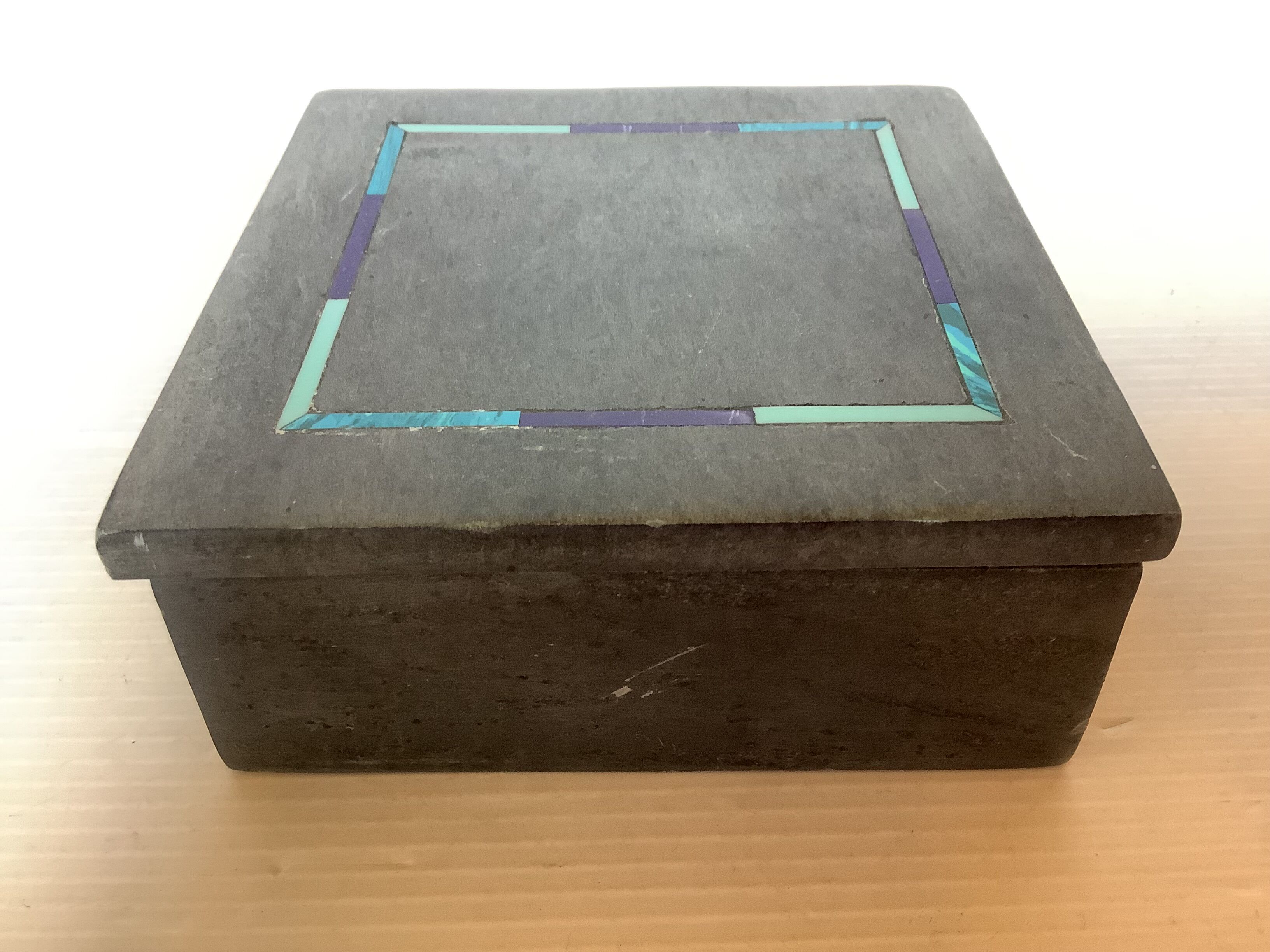 Grey and blue ring holder tray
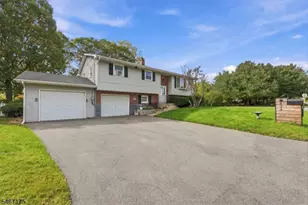 424 S 1st St, Lopatcong Township, NJ 08865 - Photo 2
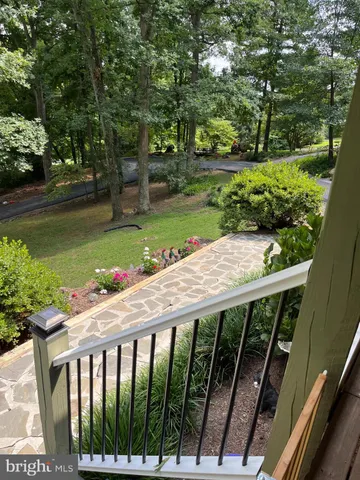 $749,000 | 7406 Bear Wallow Drive, Warrenton, VA 20186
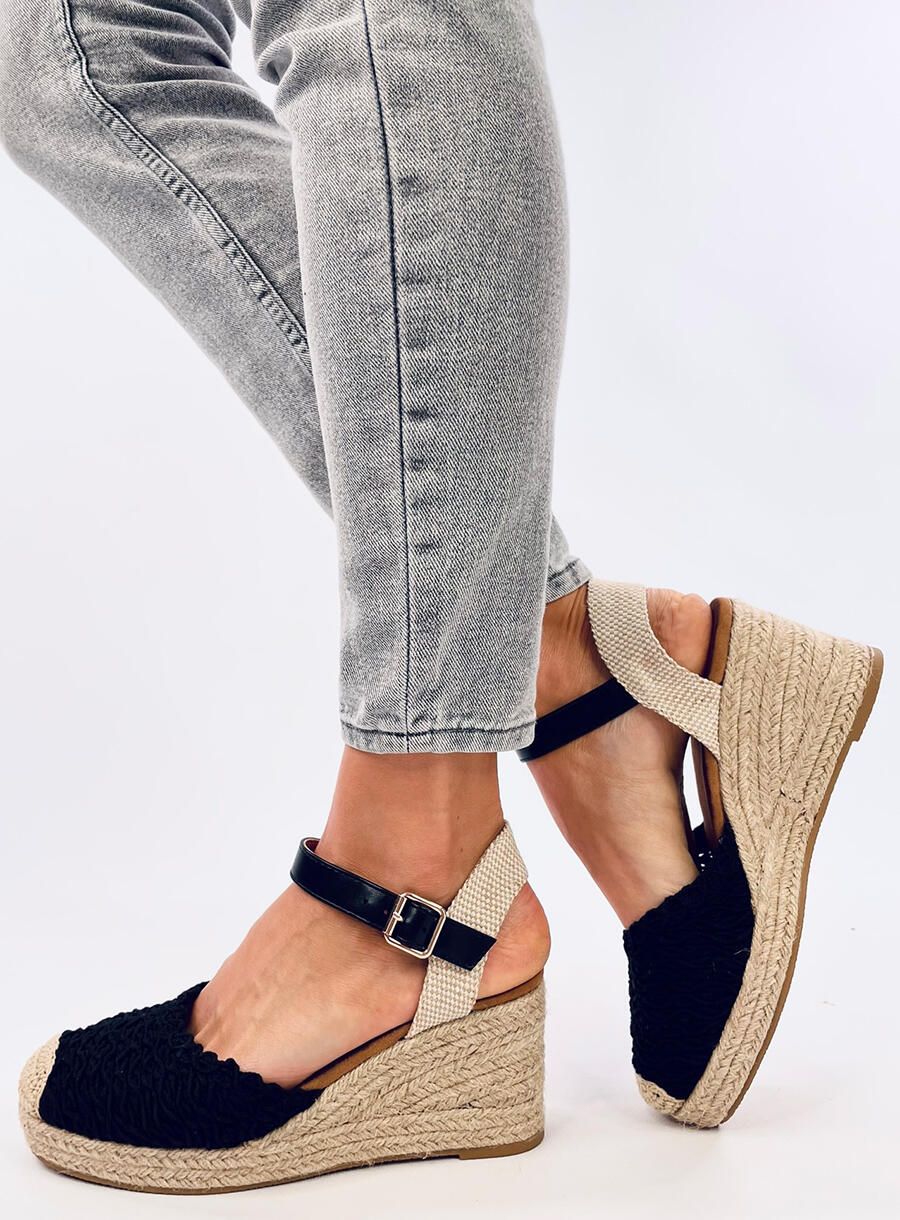 Sandále - espadrilky na klinovom podpätku čierne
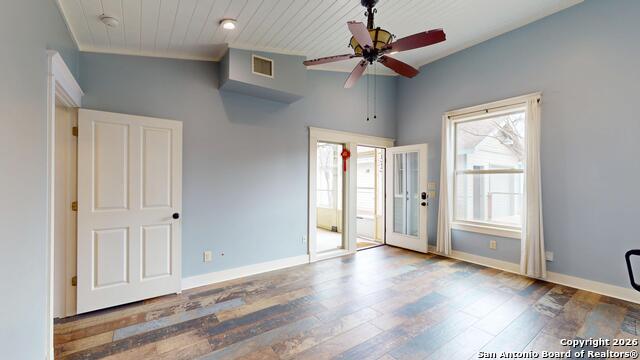 Image 26 of 37 For 819 W French Pl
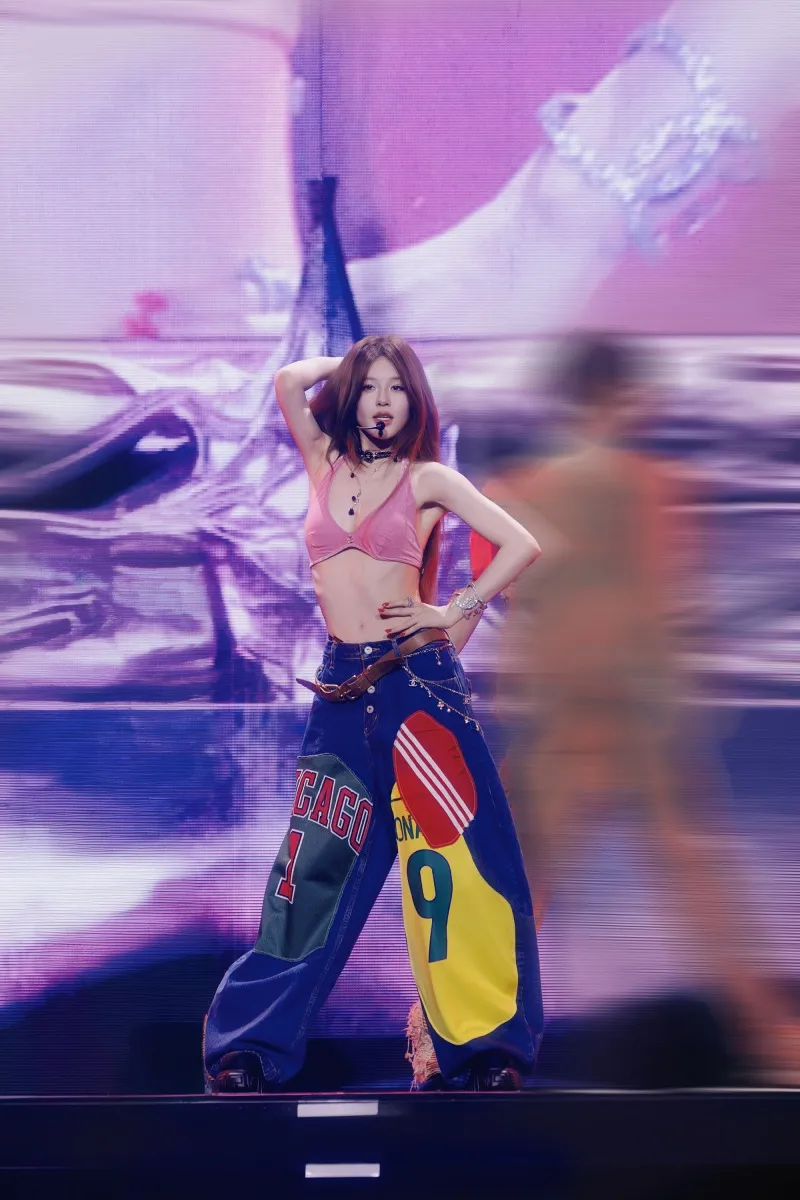 voh-trieu-lo-tu-duoc-va-mat-gi-sau-concert-bangkok-gay-bao-3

:::::

PROBLEM DESCRIPTION: Line by line and exactly, reproduce the span from the line with "Image 26 of 37 For 819 W French Pl" through the end of the data above, both ends included, with pictures left out.

RESPONSE BELOW:
 Image 26 of 37 For 819 W French Pl
 voh-trieu-lo-tu-duoc-va-mat-gi-sau-concert-bangkok-gay-bao-3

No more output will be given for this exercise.